This movie was refused a cinema certificate in 1933 by the BBFC and remained banned in the UK until 1958, when it was released with an X certificate with cuts made. Among the board's objectives were references to vivisection and "cutting a living man to pieces", and Moreau saying, "Do you know what it means to feel like God?". The film was finally released uncut on DVD in 2011 with a PG certificate.
According to film historian Gregory W. Mank on his commentary for the Criterion edition of this film, producer/actress Gail Patrick competed for the role of the Lota the "Panther Woman". She lost out to Kathleen Burke but became good friends with her. Patrick noted that she was happy that she lost because Burke was defined by the role and eventually left show business. According to Patrick, Burke couldn't get roles after her performance in the film.
To create the language of the mutants sound-man Loren L. Ryder recorded a mixture of animal sounds and foreign languages, then played them backwards at alternating speeds. The effect: the sound induced nausea and caused the audiences to vomit in the theaters.
Members of the new wave band Devo were fans of the film. The "What is the law?" sequence formed part of the lyrics to the band's song "Jocko Homo," with Bela Lugosi's query "Are we not men?" providing the title to their 1978 debut album "Q: Are We Not Men? A: We Are Devo!". Oingo Boingo is another new wave band that paid tribute to the film with its song "No Spill Blood," which featured the refrain "What is the Law?" The Meteors, a psycho-billy band from the UK, told the story of the film in their song "Island of Lost Souls" on their 1986 album "Teenagers From Outer Space". The Cramps, an American psycho-billy band, featured a song "The Natives Are Restless" on their "Psychedelic Jungle" album. Heavy metal band Van Halen paid homage to the film in the original version of their song "House of Pain", the early lyrics for which directly referenced the story line of the movie. During onstage introductions of the song circa 1976-77, the band's vocalist David Lee Roth routinely gave a brief synopsis of the film. The song was shelved for the better part of a decade, but eventually resurfaced with different non-movie-related lyrics and released on the band's 1984 album. The US horror-rock band Manimals based much of their stage persona on the film. Their 1985 'Blood is the Harvest" vinyl E.P. closes with the song "Island of Lost Souls". The track includes a "What is the Law?" section that fans would chant during live shows.

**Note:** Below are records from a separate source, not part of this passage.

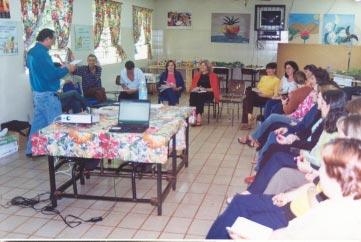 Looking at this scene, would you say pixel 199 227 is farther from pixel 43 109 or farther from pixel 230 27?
pixel 230 27

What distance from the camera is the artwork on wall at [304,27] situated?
35.4 feet

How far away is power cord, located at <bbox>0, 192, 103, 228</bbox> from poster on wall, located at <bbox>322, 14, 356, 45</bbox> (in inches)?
354

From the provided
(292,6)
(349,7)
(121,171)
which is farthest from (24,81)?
(349,7)

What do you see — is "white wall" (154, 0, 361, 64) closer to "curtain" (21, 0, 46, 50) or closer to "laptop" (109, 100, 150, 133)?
"curtain" (21, 0, 46, 50)

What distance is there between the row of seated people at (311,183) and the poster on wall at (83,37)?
4.24 meters

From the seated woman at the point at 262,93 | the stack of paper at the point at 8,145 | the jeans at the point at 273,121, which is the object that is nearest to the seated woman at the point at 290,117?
the jeans at the point at 273,121

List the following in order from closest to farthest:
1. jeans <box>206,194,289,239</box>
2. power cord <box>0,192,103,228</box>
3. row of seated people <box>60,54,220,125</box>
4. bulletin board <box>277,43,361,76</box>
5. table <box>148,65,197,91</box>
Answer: jeans <box>206,194,289,239</box>
power cord <box>0,192,103,228</box>
row of seated people <box>60,54,220,125</box>
bulletin board <box>277,43,361,76</box>
table <box>148,65,197,91</box>

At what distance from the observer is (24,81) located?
19.5ft

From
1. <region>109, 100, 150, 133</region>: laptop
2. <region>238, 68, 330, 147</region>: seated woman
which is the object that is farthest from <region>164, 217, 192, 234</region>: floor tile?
<region>238, 68, 330, 147</region>: seated woman

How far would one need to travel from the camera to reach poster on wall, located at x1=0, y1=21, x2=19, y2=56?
17.7ft

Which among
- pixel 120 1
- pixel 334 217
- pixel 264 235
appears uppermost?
pixel 120 1

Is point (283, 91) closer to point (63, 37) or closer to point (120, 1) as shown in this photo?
point (63, 37)

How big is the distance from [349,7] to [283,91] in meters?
5.57

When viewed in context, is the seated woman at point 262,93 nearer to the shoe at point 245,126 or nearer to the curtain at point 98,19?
the shoe at point 245,126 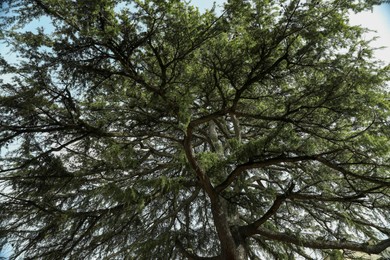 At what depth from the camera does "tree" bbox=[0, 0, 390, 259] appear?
379 centimetres

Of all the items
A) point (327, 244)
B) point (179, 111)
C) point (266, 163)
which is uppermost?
point (179, 111)

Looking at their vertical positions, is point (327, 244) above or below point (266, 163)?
Answer: below

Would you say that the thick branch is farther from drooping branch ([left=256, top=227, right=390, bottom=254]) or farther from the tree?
drooping branch ([left=256, top=227, right=390, bottom=254])

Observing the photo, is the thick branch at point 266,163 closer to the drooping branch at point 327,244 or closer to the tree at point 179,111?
the tree at point 179,111

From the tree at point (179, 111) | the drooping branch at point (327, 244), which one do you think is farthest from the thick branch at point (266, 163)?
the drooping branch at point (327, 244)

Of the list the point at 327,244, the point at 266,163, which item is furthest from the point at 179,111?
the point at 327,244

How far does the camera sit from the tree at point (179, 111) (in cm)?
379

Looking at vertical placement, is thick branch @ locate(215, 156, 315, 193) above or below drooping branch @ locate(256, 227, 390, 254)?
above

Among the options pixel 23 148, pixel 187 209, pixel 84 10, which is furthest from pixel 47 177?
pixel 187 209

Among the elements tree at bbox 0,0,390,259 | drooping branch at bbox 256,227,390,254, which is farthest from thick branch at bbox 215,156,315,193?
drooping branch at bbox 256,227,390,254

This movie was banned from public showings in Sweden by the Swedish Censorboard in March 1933. Swedish Censor number 48.959. This censorship doesn't include later inventions like television, video, DVD etc.

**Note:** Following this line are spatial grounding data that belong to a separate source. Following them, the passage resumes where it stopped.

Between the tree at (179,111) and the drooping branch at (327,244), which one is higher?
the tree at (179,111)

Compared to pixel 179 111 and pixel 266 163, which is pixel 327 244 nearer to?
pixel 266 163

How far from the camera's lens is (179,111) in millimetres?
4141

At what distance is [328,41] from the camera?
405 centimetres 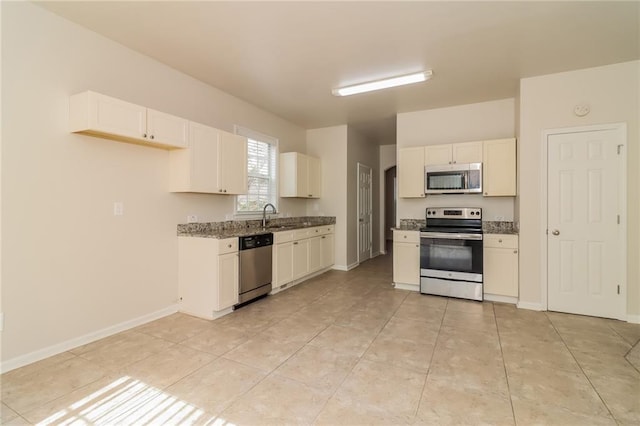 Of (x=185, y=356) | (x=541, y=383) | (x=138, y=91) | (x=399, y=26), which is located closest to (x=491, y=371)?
(x=541, y=383)

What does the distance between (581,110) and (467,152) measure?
4.28 feet

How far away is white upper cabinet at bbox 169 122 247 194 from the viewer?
340 centimetres

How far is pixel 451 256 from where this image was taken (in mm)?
4133

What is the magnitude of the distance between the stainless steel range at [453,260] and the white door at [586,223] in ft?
2.68

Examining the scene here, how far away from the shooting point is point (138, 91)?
125 inches

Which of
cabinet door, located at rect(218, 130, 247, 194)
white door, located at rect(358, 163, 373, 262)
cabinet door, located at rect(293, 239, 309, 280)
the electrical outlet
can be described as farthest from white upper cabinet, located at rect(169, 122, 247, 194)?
white door, located at rect(358, 163, 373, 262)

The final draft screenplay, dated September 30, 1932, lists all the actors and roles they will play with the exception of the roles eventually played by Tetsu Komai, Bela Lugosi, and Paul Hurst. When comparing that script with the released film additional action and dialogue have been added for the scenes involving Lugosi and Hurst. Their parts have been "beefed" up, probably to help get them to play the roles.